[concurrency-interest] RFR: 8065804: JEP 171:Clarifications/corrections for fence intrinsics
davidcholmes at aapt.net.au
Tue Nov 25 23:41:35 UTC 2014
Stephan Diestelhorst writes:
> Am Dienstag, 25. November 2014, 11:15:36 schrieb Hans Boehm:
> > I'm no hardware architect, but fundamentally it seems to me that
> > load x
> > acquire_fence
> > imposes a much more stringent constraint than
> > load_acquire x
> > Consider the case in which the load from x is an L1 hit, but a preceding
> > load (from say y) is a long-latency miss. If we enforce
> ordering by just
> > waiting for completion of prior operation, the former has to
> wait for the
> > load from y to complete; while the latter doesn't. I find it hard to
> > believe that this doesn't leave an appreciable amount of
> performance on the
> > table, at least for some interesting microarchitectures.

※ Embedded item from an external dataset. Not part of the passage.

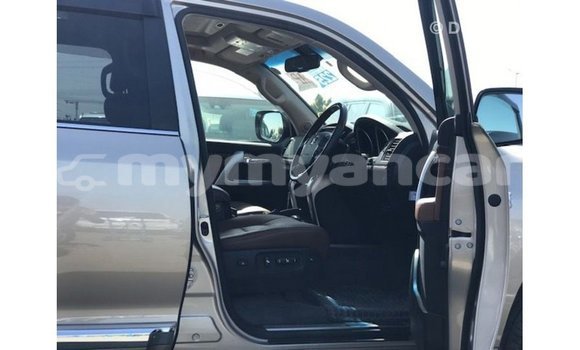 Buy Import Toyota Land Cruiser Other Car in Import - Dubai in Ayeyarwady Buy Import Toyota Land Cruiser Other Car in Import - Dubai in Ayeyarwady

> I agree, Hans, that this is a reasonable assumption. Load_acquire x
> does allow roach motel, whereas the acquire fence does not.
> > In addition, for better or worse, fencing requirements on at least
> > Power are actually driven as much by store atomicity issues, as by
> > the ordering issues discussed in the cookbook. This was not
> > understood in 2005, and unfortunately doesn't seem to be amenable to
> > the kind of straightforward explanation as in Doug's cookbook.
> Coming from a strongly ordered architecture to a weakly ordered one
> myself, I also needed some mental adjustment about store (multi-copy)
> atomicity. I can imagine others will be unaware of this difference,
> too, even in 2014.
Sorry I'm missing the connection between fences and multi-copy atomicity.